(What is needed)
Where a picture appears, omit it; repeat everything else in the records exactly.

::::

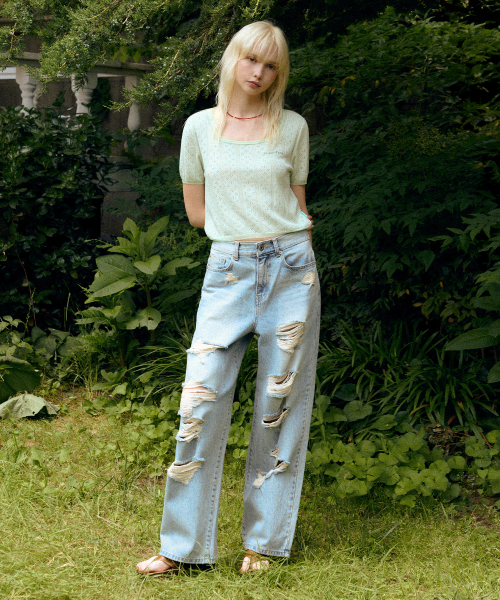 Широкие рваные джинсы - Light Blue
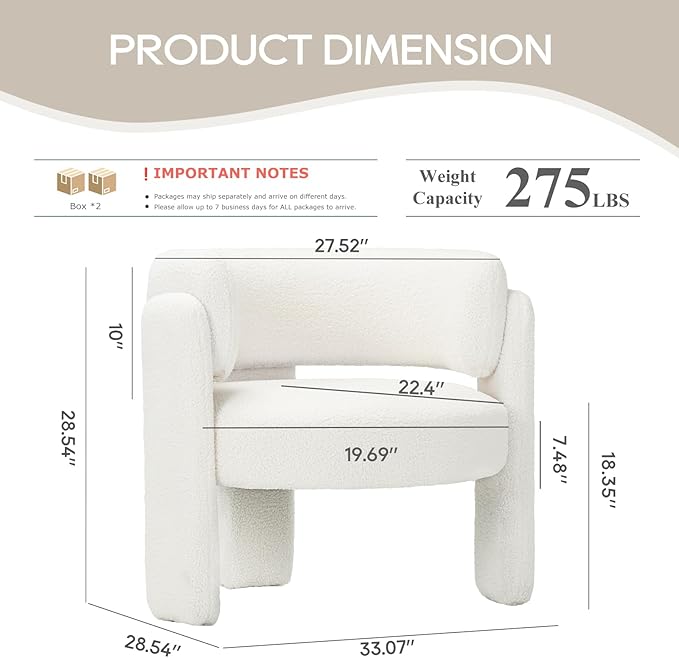 COLAMY Modern Accent Chairs Set of 2, Upholstered Barrel Chairs, Comfy Sherpa - Image 2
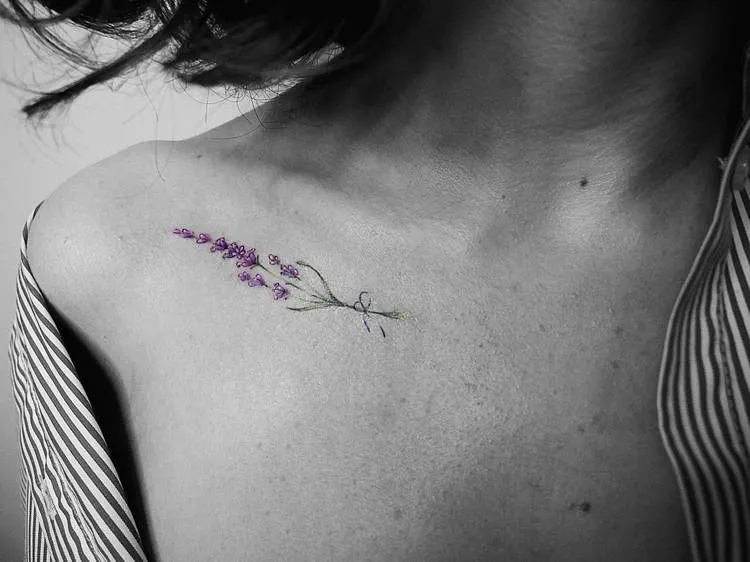 Delicate Lavender Tattoo by Vitaly Kazantsev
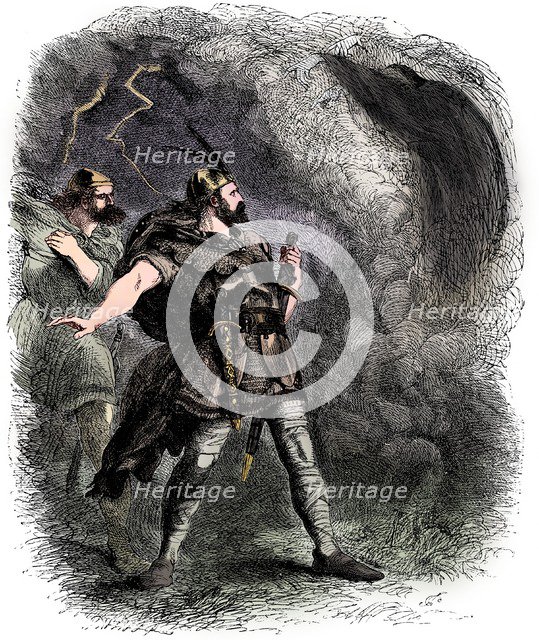 Macbeth and Banquo encountering the three witches, 1858. Artist: Sir John Gilbert.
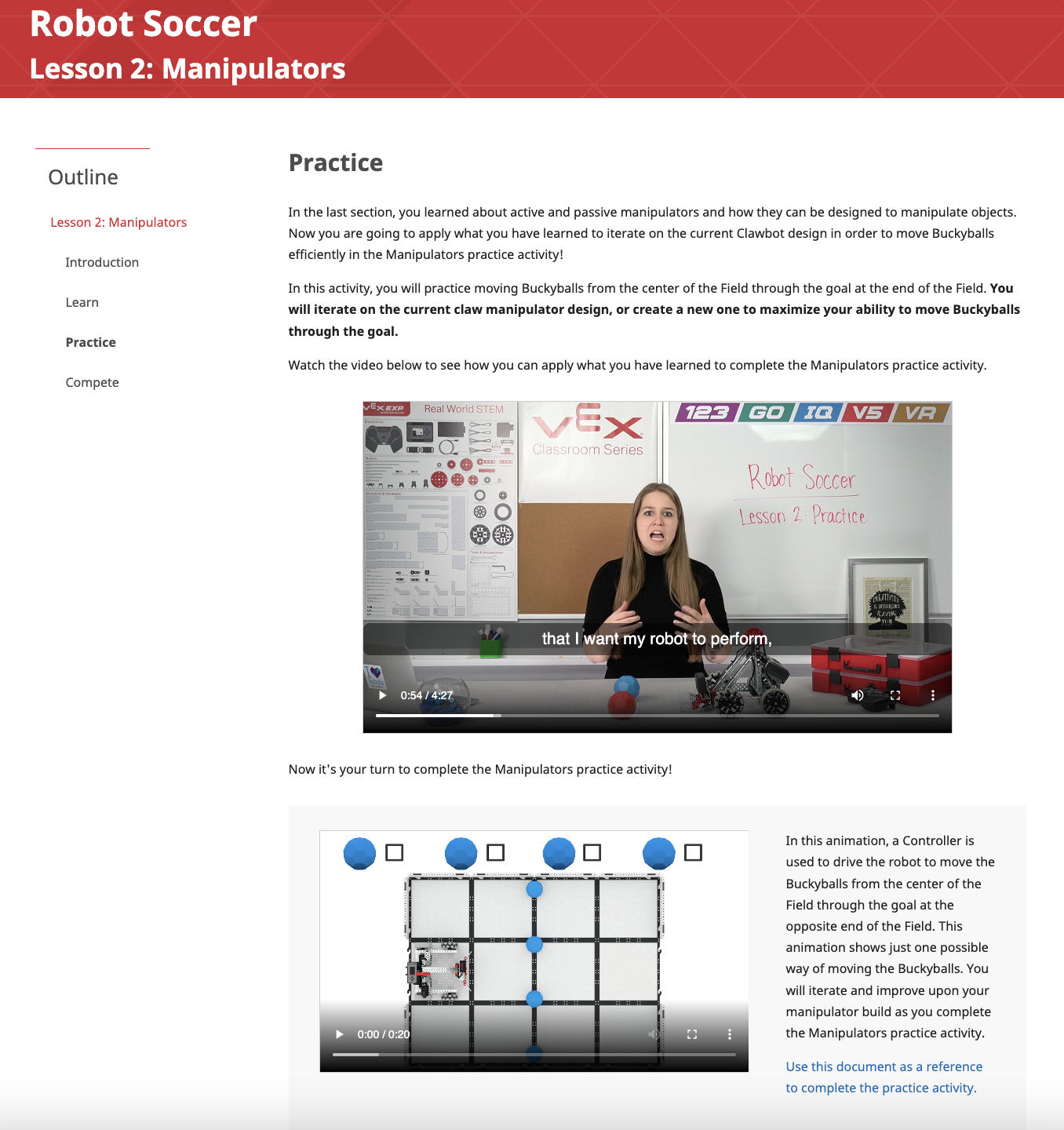 Capture d'écran de la section Exercices d'une leçon de laboratoire EXP STEM, pour illustrer le format typique d'une page d'exercices.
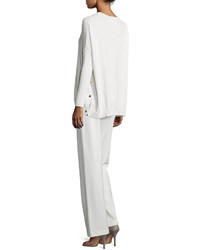 Joan Vass Long Sleeve Wool Cashmere Tunic Plus Size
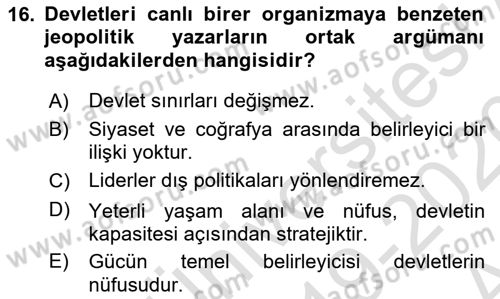 Uluslararası İlişkiler Kuramları 1 Dersi 2019 - 2020 Yılı (Vize) Ara Sınav Soruları 16. Soru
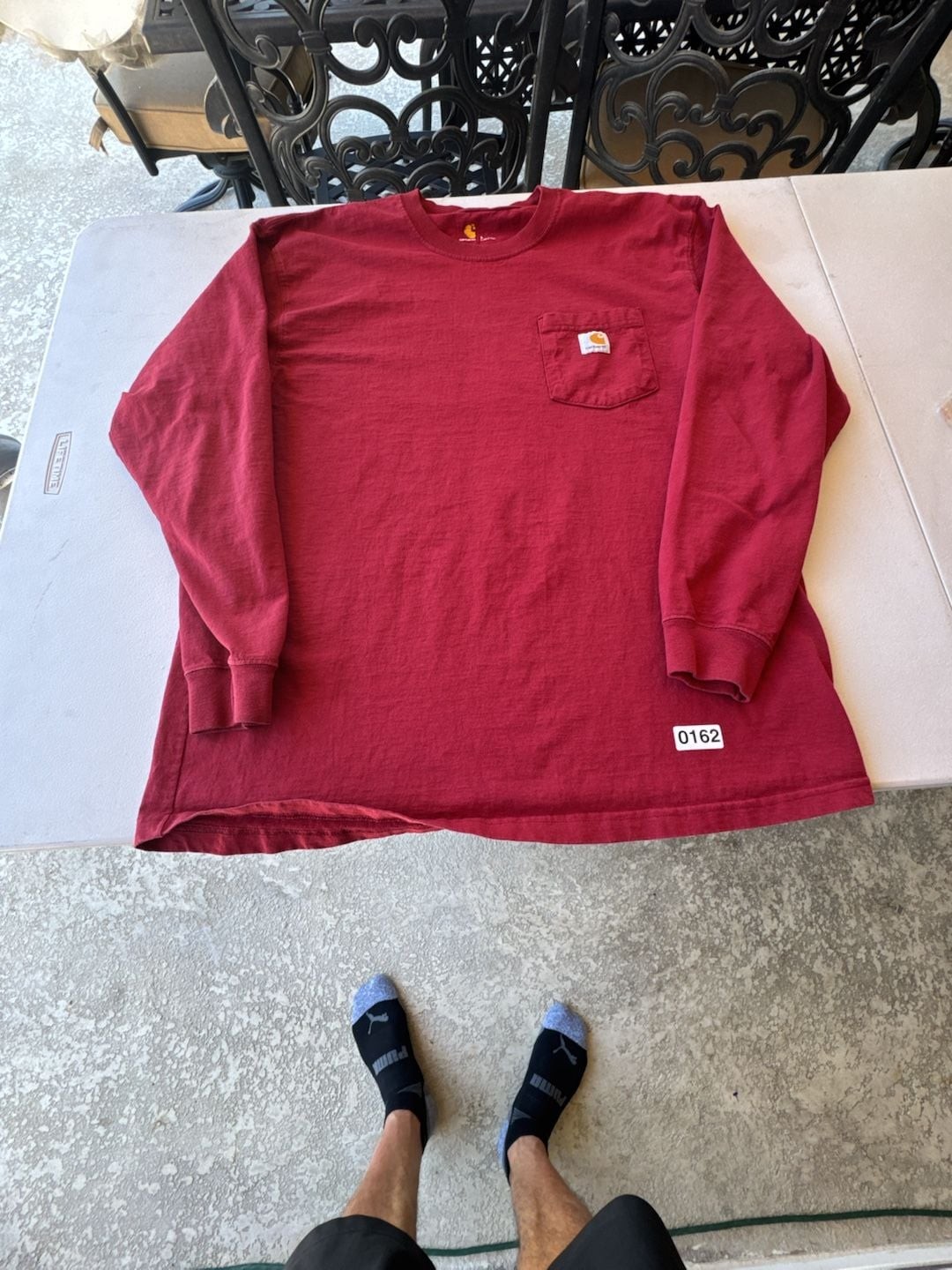 Carhartt Men's K126 Loose Fit Heavyweight Long Sleeve Pocket T-Shirt Red gallery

::::

(Response)
 Широкие рваные джинсы - Light Blue
 COLAMY Modern Accent Chairs Set of 2, Upholstered Barrel Chairs, Comfy Sherpa - Image 2
 Delicate Lavender Tattoo by Vitaly Kazantsev
 Macbeth and Banquo encountering the three witches, 1858. Artist: Sir John Gilbert.
 Capture d'écran de la section Exercices d'une leçon de laboratoire EXP STEM, pour illustrer le format typique d'une page d'exercices.
 Joan Vass Long Sleeve Wool Cashmere Tunic Plus Size
 Uluslararası İlişkiler Kuramları 1 Dersi 2019 - 2020 Yılı (Vize) Ara Sınav Soruları 16. Soru
 Carhartt Men's K126 Loose Fit Heavyweight Long Sleeve Pocket T-Shirt Red gallery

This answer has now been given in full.